For the black UMAP soldiers Pinchaejubo and Bamban, of Encrucijada, who amid everything gave us courage and joy.

For the UMAP 28 soldier, Soriano, of Cienfuegos, who was able to survive with one lung.

For the UMAP soldier Bernia of Encrucijada and an evangelist, who did not surrender but never seemed to understand what was happening.

For the UMAP soldier Rodriguito, of Santa Clara, who counted the days and said “three years is not so much, I will work for them for three years.”

For the UMAP soldier Medina, of Cienfuegos, for its parody: The Anguilla, Paradise of Eden Lost / comes every 500 years / and the face of the earth / receives it with a terrible fright.

For the UMAP soldier Manuel, of Lisa, Havana, who evening shared the sweetness of guava.

For the UMAP soldier Pototo, of Havana, who never again heard of his girlfriend and sobbed without tears as he hummed the song do not leave me / after I have loved you so much …

To that girl in the office of the La Paz (peace) farm in the village of the Lugareño sugar mill, who was in solidarity with the 22, despite the blue uniform and yellow boots that she wore.

For The Teacher, UMAP soldier cook, of Santa Clara, for the times we were served a little more.

For the UMAP soldier Jorge Blondín Iparraguirre, of the Washington sugar mill, who was determined to overcome fear and did it.

For the UMAP soldier Manuel M. Rebollido, of Cienfuegos, who did not betray his art.

For the UMAP corporal Nilson Gonzalez, of Havana, a goodUMAP corporal.

For the UMAP soldier Osvaldo de León del Busto, of Sagua la Grande, for his stoicism.

For the UMAP soldier health worker Ricardo Martini, Sagua la Grande, for his love and tenderness to all his peers.

For the UMAP soldier Manolito Valle, of Encrucijada, for his courage.

For the UMAP soldier Rigo, who at age 40, was smiling.

For the UMAP soldier Guillermo Jimenez, of Ranchuelo for his guaguancós [a kind of Cuban rumba].

For the 13 Jehovah’s Witnesses UMAP soldiers, who were the bravest.

And to all others who were good, whose names or nicknames I do not remember, but now their faces are passing through my memory.

And for those mothers who, like mine, wept three days and three nights.

To those who still are, to the descendants of those who are gone, when the time comes, may we have, to those who deserve it, the pity they did not have on us.

As someone has asked me, I promise to keep writing on this subject later. Now I can not, now I am crying.

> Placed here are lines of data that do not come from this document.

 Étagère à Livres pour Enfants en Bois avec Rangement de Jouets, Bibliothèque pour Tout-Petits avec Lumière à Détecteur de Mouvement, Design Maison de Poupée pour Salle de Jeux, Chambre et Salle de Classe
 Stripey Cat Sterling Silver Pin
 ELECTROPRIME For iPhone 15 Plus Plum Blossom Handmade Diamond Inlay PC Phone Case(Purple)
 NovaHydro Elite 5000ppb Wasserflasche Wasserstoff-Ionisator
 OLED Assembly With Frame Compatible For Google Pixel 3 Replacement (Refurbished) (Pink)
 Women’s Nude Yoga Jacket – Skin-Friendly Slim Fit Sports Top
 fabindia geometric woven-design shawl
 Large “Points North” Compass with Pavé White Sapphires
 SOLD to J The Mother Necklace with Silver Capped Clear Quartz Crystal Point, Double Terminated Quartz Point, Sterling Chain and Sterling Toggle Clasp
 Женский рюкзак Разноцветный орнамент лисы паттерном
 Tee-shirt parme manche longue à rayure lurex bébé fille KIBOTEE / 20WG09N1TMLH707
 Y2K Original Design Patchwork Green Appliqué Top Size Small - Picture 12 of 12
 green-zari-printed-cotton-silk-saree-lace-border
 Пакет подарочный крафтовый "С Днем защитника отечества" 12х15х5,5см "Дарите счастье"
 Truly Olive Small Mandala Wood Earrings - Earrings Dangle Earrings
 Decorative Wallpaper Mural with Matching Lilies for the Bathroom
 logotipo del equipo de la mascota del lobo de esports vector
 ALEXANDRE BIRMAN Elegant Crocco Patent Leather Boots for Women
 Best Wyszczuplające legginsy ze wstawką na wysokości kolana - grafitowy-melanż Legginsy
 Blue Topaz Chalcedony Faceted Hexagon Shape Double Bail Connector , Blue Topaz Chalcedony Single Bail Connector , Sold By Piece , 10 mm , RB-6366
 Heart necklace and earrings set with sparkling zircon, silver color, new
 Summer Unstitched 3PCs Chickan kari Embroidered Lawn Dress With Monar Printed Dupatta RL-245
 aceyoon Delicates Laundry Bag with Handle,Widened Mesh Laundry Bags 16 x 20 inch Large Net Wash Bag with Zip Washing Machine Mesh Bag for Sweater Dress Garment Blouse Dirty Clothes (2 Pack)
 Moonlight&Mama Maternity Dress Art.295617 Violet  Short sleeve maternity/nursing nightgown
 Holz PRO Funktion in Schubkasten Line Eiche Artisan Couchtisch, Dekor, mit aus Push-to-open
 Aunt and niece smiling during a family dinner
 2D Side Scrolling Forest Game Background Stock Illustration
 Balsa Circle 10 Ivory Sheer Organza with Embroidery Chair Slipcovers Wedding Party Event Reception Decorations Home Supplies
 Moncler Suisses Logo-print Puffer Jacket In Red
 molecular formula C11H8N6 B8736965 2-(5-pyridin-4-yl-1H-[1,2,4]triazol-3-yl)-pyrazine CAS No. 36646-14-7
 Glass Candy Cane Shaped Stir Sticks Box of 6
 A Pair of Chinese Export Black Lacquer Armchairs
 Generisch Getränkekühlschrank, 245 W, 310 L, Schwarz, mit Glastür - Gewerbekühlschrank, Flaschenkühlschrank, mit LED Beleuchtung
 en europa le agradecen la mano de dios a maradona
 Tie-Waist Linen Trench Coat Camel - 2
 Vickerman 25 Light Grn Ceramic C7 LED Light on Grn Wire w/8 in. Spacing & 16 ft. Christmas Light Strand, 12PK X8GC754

The Observatorio LGBT (LGBT Observatory), an independent LGBT rights organization, is preparing a weekly bulletin detailing Cubans’ memories of “la UMAP*.” This is the second memory from this first bulletin. Translating Cuba will continue to bring you these memories in translation.

Translator’s note:
*UMAP – “Military Units to Aid Production” — was a network of concentration camps for “counterrevolutionary elements,” including homosexuals, religious believers and others.